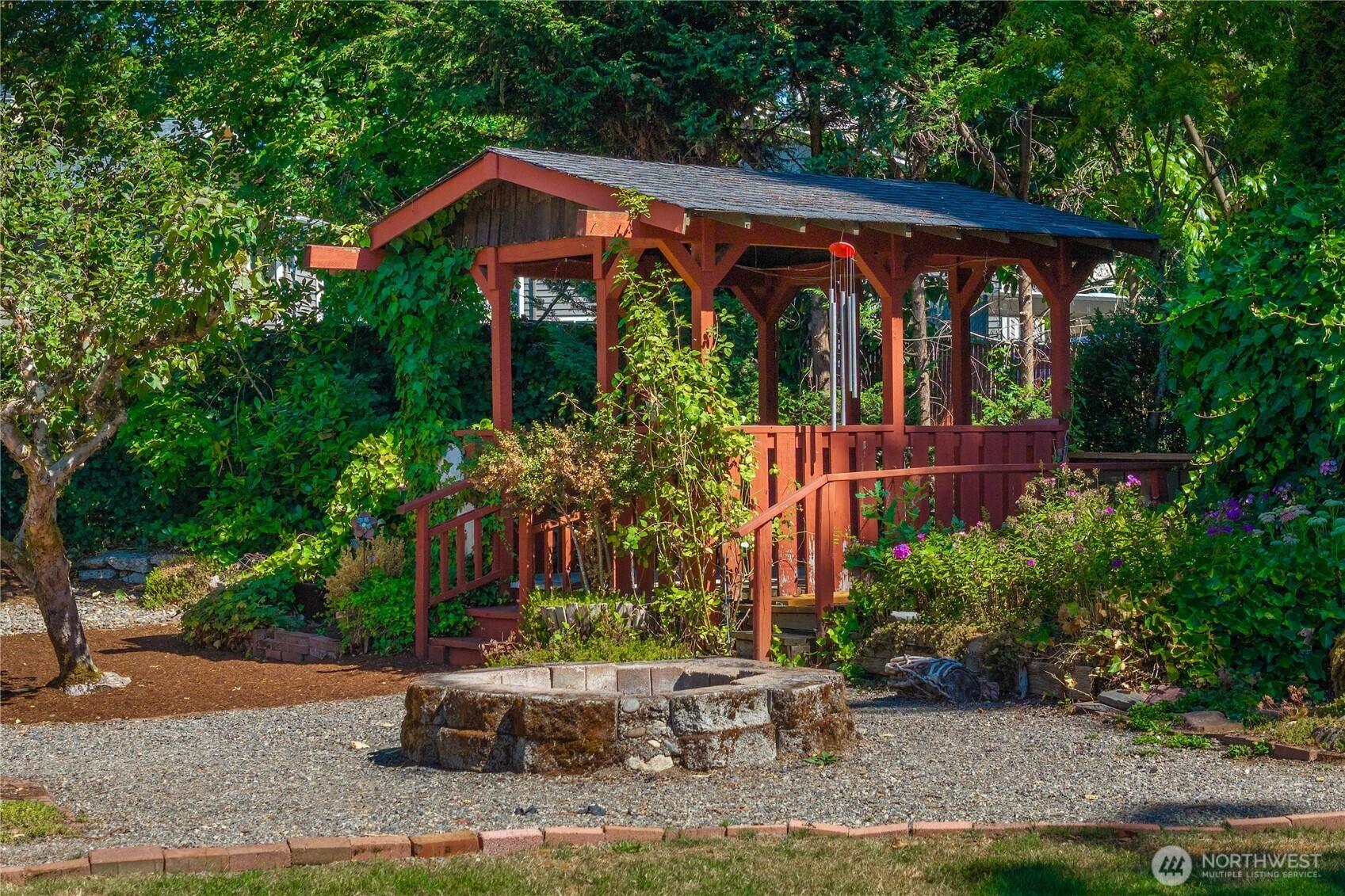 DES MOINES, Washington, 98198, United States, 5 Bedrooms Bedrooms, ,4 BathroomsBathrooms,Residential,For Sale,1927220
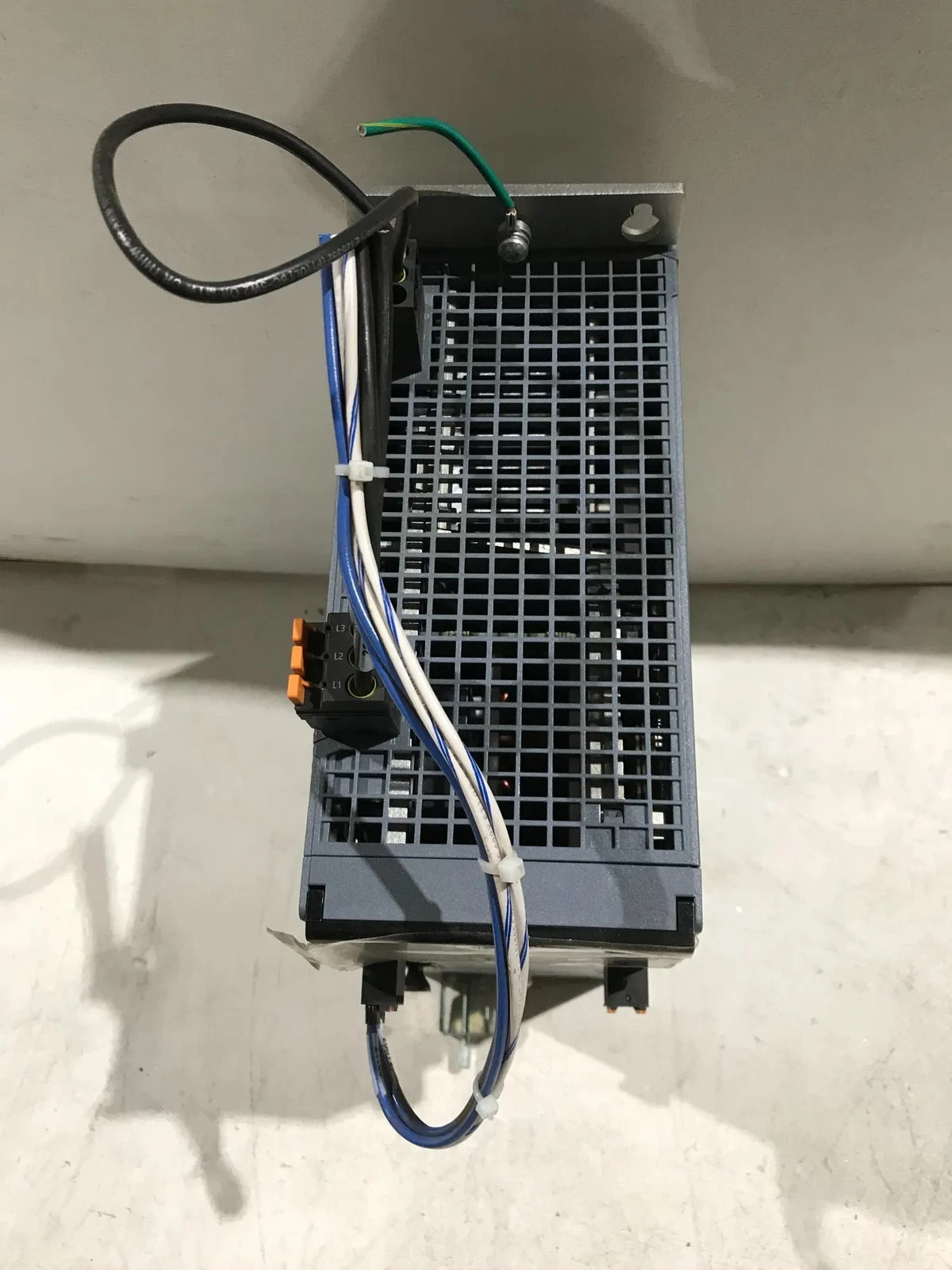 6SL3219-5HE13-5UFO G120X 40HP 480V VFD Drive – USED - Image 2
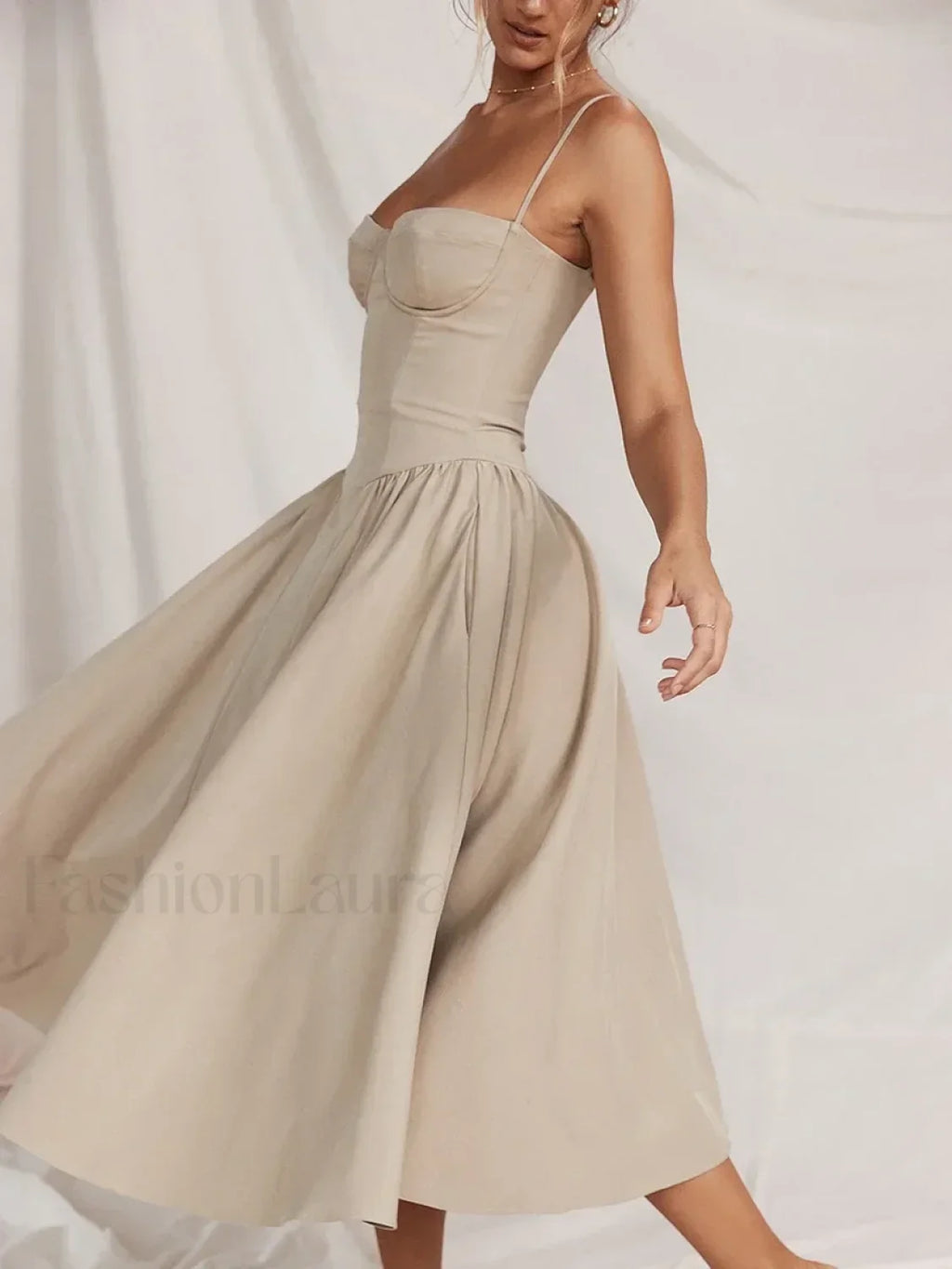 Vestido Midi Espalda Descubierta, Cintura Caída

----

TASK — Give back the material above exactly as it appears, minus any picture.

ANSWER TO THE EXERCISE —
 DES MOINES, Washington, 98198, United States, 5 Bedrooms Bedrooms, ,4 BathroomsBathrooms,Residential,For Sale,1927220
 6SL3219-5HE13-5UFO G120X 40HP 480V VFD Drive – USED - Image 2
 Vestido Midi Espalda Descubierta, Cintura Caída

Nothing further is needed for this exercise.